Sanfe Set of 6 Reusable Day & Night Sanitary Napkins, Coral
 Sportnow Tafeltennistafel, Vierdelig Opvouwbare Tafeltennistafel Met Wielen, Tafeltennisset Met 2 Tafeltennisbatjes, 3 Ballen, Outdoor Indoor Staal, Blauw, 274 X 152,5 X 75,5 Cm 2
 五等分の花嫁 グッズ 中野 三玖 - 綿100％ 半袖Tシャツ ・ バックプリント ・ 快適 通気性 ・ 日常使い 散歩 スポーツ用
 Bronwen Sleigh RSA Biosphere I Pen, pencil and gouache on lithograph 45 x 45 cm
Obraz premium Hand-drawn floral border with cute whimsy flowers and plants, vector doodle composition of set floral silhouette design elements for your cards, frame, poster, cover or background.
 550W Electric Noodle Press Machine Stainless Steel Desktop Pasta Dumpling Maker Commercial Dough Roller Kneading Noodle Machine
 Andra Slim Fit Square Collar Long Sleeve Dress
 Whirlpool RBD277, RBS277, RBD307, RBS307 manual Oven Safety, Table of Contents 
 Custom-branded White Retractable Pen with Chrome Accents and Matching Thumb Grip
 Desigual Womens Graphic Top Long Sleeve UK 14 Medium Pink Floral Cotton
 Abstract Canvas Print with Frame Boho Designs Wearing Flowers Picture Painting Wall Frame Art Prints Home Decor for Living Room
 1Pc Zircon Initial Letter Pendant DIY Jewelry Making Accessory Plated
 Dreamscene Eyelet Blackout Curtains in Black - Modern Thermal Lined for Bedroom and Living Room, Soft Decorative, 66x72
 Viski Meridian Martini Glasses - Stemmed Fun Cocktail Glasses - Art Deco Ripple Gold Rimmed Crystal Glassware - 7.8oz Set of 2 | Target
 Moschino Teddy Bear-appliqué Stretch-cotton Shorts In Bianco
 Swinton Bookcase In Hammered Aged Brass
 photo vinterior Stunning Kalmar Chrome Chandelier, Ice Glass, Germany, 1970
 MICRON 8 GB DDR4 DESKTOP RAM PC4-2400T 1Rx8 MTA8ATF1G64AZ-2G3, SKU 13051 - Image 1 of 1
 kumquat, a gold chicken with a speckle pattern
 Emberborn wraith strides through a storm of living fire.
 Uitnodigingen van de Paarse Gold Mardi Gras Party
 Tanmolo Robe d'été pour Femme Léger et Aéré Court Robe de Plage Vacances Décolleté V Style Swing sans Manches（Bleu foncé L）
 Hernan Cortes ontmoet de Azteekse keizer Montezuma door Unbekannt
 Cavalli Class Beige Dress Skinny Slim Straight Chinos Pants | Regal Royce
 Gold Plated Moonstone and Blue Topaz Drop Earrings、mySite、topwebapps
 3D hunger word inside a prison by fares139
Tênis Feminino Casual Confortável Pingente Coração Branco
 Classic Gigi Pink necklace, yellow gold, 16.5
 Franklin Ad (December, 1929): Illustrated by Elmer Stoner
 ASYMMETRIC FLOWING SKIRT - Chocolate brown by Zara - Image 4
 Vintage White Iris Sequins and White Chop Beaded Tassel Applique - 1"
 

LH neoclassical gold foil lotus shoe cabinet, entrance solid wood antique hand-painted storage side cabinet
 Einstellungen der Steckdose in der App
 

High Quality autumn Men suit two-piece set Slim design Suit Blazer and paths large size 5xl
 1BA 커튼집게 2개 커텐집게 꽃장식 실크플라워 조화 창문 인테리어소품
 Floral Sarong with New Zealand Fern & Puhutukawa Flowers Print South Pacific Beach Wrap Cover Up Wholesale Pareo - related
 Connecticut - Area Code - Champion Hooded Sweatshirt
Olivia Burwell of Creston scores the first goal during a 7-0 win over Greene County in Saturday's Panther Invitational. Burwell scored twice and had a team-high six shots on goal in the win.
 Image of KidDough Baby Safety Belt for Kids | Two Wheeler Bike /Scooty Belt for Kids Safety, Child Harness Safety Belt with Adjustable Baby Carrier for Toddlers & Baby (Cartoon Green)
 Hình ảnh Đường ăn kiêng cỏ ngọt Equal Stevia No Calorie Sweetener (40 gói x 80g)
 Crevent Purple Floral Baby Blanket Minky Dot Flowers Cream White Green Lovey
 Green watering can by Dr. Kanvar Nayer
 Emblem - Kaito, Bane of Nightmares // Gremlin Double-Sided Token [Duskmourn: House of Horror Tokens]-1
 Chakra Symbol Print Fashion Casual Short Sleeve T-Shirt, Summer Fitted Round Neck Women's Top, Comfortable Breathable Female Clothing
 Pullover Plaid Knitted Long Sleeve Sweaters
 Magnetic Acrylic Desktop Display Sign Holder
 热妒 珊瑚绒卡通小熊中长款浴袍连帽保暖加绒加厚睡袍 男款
◆ ◆ ◆ ◆ ◆ ◆ ◆
* **Try it**:
Of the lines above, retype only those from the line containing "photo vinterior Stunning" through the line containing "Franklin Ad (December, 1929): Illustrated", including both, exactly.

* **Solution for this task**:
 photo vinterior Stunning Kalmar Chrome Chandelier, Ice Glass, Germany, 1970
 MICRON 8 GB DDR4 DESKTOP RAM PC4-2400T 1Rx8 MTA8ATF1G64AZ-2G3, SKU 13051 - Image 1 of 1
 kumquat, a gold chicken with a speckle pattern
 Emberborn wraith strides through a storm of living fire.
 Uitnodigingen van de Paarse Gold Mardi Gras Party
 Tanmolo Robe d'été pour Femme Léger et Aéré Court Robe de Plage Vacances Décolleté V Style Swing sans Manches（Bleu foncé L）
 Hernan Cortes ontmoet de Azteekse keizer Montezuma door Unbekannt
 Cavalli Class Beige Dress Skinny Slim Straight Chinos Pants | Regal Royce
 Gold Plated Moonstone and Blue Topaz Drop Earrings、mySite、topwebapps
 3D hunger word inside a prison by fares139
Tênis Feminino Casual Confortável Pingente Coração Branco
 Classic Gigi Pink necklace, yellow gold, 16.5
 Franklin Ad (December, 1929): Illustrated by Elmer Stoner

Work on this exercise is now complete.